In line with these results, we have identified both up-regulation of phosphorylated NR1, JNK, and c-Jun in senktide-treated 6-OHDA-lesioned rats. On the basis of these findings, we suggested that NK3 peptide may play a crucial role in neuronal degeneration through modulation of NR1 and JNK pathway. With senktide injection, activated NK3 receptor triggered calcium influx (by NR1 phosphorylation) and catalyzed cell death process in 6-OHDA-lesioned rats by up-regulating intracellular JNK and c-Jun activities through calcium-dependent kinases. Finally, the deterioration of dopaminergic degeneration was reflected by the motor deficit in apomorphine rotation test. However, one interesting observation was that throughout the experiment, both changes in NR1 phosphorylation and JNK pathway were found in both 2-days and 7-days senktide injection models. But significant aggravation of dopaminergic degeneration and motor deficit were only observed in 7-days senktide-treated group. This observation may imply that the effect of senktide in 6-OHDA-lesioned model was a time-dependent process. Induction of NR1, JNK, and c-Jun phosphorylation may be the upstream events induced by early senktide treatment prior to dopaminergic degeneration. Therefore, in our model, no significant deterioration was revealed in 2-days senktide-treated group, although up-regulation of phosphorylated NR1 and JNK pathway molecules were still observed.

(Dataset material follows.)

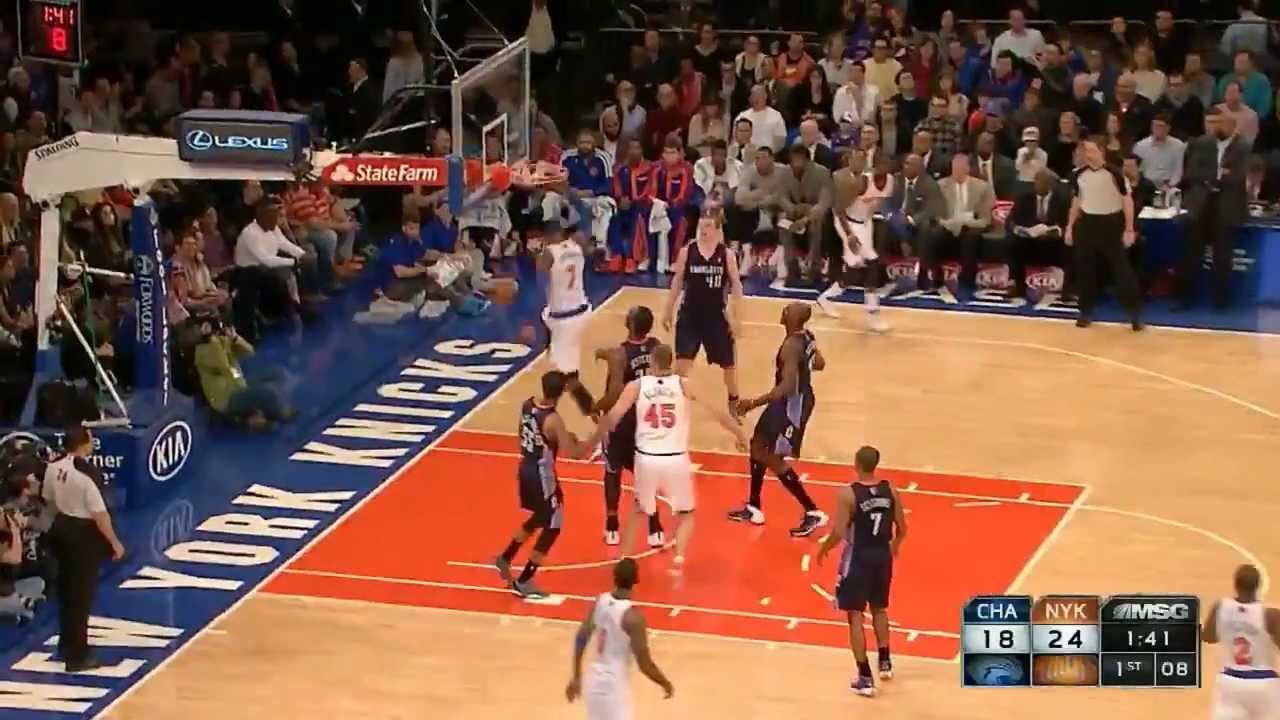 Carmelo Anthony NEW MSG Record Full Highlights vs Bobcats 2014.01.24 -  UNREAL 62 Points, CAREER-HIGH 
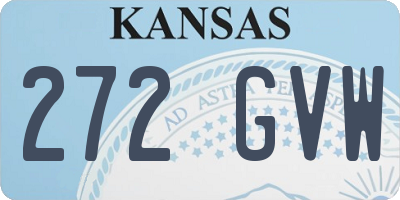 KS license plate 272GVW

In conclusion, our results demonstrated novel in vivo pieces of evidences on the roles of intervention of NK3 peptide in 6-OHDA degeneration model. NK3 peptide could exacerbate neuronal degeneration through modulation of NR1 activities and downstream JNK pathway. A hypothetical cellular mechanism model of NK3 receptor and its agonist is illustrated in Fig. 7. The present data strongly suggested that NK3 peptide would play a critical role in dopaminergic degeneration in PD. For further studies, other intracellular mechanisms related to neuronal degeneration could be examined. In addition, regulation of other NMDA receptor subunit could be investigated to further confirm the effect of senktide.
This work was supported by Mini-AoE project RC/AOE/08-09/02, Research Committee, Hong Kong Baptist University; and HKBU 212607 and HKBU 262210, Research Grants Council, Hong Kong SAR Government. The authors have no conflicts of interest to declare.